> [DATA BLOCK]:
-=-=-=-=-

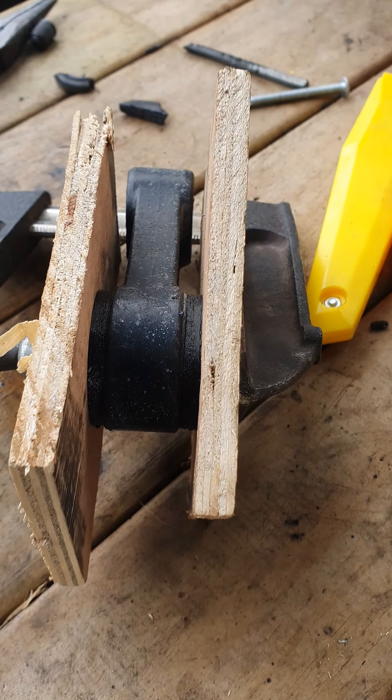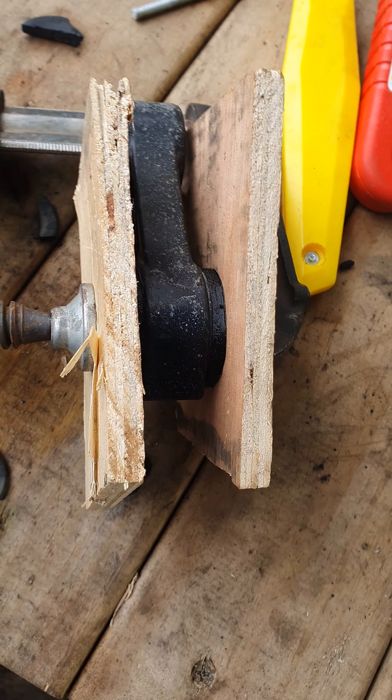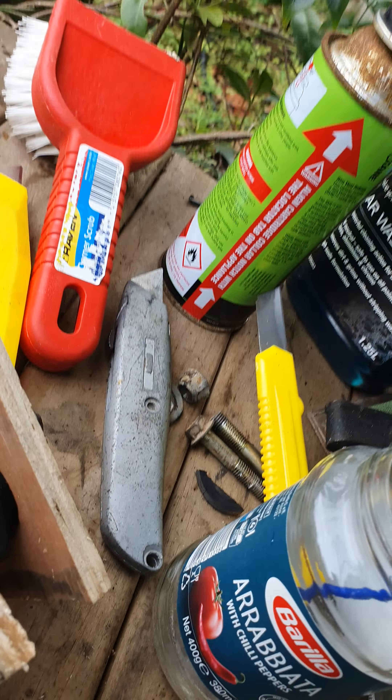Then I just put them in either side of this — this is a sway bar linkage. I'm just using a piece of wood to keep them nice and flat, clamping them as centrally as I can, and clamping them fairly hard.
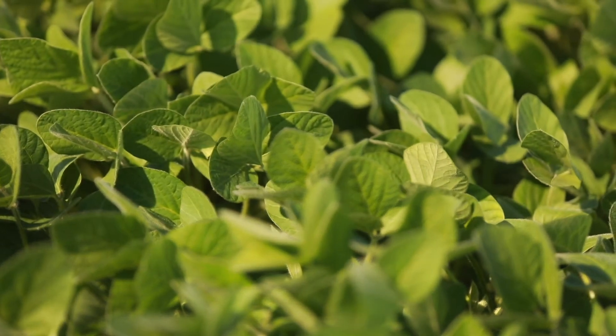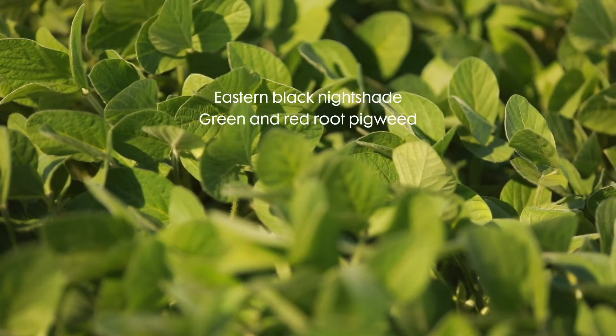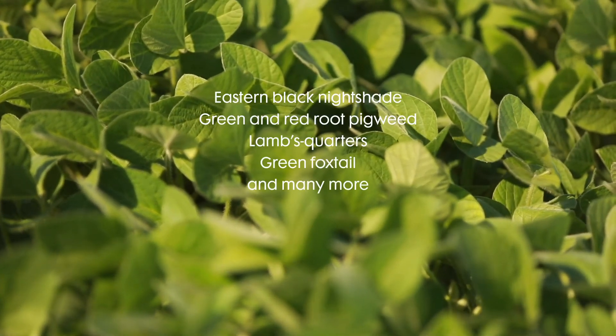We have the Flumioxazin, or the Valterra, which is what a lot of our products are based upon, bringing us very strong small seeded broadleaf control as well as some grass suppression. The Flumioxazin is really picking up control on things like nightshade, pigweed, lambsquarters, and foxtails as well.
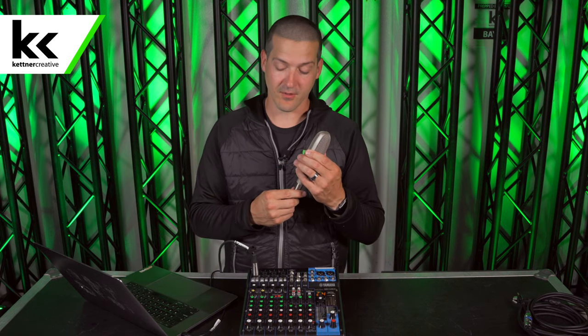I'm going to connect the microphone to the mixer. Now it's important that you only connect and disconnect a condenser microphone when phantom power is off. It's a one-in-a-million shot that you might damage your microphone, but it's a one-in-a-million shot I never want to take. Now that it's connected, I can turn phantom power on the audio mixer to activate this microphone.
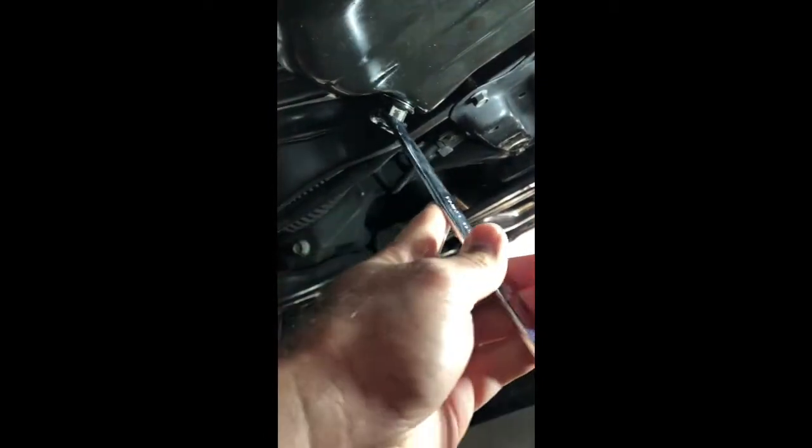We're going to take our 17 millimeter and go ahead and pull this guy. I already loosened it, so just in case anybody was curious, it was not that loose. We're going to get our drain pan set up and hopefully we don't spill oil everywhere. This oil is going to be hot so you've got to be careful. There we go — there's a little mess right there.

-=-=-=-=-

> [WORK ITEM]: Output the line containing "We have the" and each line after it, through the end of the material, exactly as given. No pictures belong in the output.

> [EXPECTED OUTPUT]:
We have the Flumioxazin, or the Valterra, which is what a lot of our products are based upon, bringing us very strong small seeded broadleaf control as well as some grass suppression. The Flumioxazin is really picking up control on things like nightshade, pigweed, lambsquarters, and foxtails as well.
I'm going to connect the microphone to the mixer. Now it's important that you only connect and disconnect a condenser microphone when phantom power is off. It's a one-in-a-million shot that you might damage your microphone, but it's a one-in-a-million shot I never want to take. Now that it's connected, I can turn phantom power on the audio mixer to activate this microphone.
We're going to take our 17 millimeter and go ahead and pull this guy. I already loosened it, so just in case anybody was curious, it was not that loose. We're going to get our drain pan set up and hopefully we don't spill oil everywhere. This oil is going to be hot so you've got to be careful. There we go — there's a little mess right there.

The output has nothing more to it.